I want to use CyberChef to create a binary file out of the shellcode. For that to work, I either need to get rid of all the 0x or the commas as CyberChef only accepts one separator. I’ll get rid of the commas and paste it into CyberChef’s input window. Selecting the “From HEX” recipe gives me some gibberish characters in the output window. That’s exactly how machine code is supposed to look like in ASCII. So let’s save that to a file by clicking on the save icon. I choose shellcode.bin.
So now that we got the shellcode, what do we do next? Shellcode is not a complete binary. It usually uses functions provided by the operating system, in that case, windows to do whatever it needs to do. We have two options now. We do have way more than one option to run it anyhow. For a first glance, I’ll use a tool called scdbg. It allows us to run shellcode without first putting it into a complete windows executable. The downside of this is, that we can’t really debug it from there. One note, if you do the same thing, be aware that scdbg actually executes the code. This can definitely harm your system. So let’s see if we can get it to run.
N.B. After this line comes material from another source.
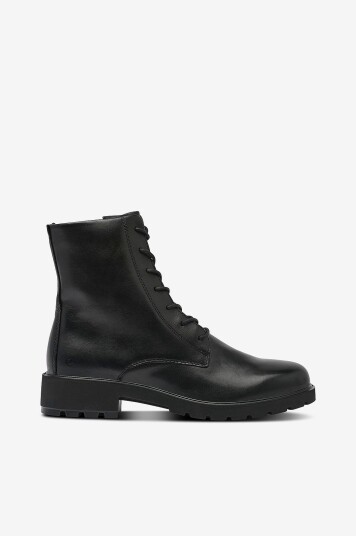 ecco Boots Ecco Metropole Vienna W Svart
Ok, so now we know a bit more about the shellcode. It seems to leverage a WSASocket to open a connection to a local IP address on port 5555. This IP is not in the subnet of the analysis workstation so there is no way it would get a response. So wouldn’t it be nice if we could look at what it is trying to do there more closely? I guess it is worth a try. There is a nice little tool written by Adam Kramer that can help us out. It is called jmp2it. It allows us to debug the shellcode. But that’s already way beyond simple malware triage for Incident Responders. I’ll put up a separate blog entry on how to proceed with that sample as soon as I have time. So happy hunting and have a great weekend.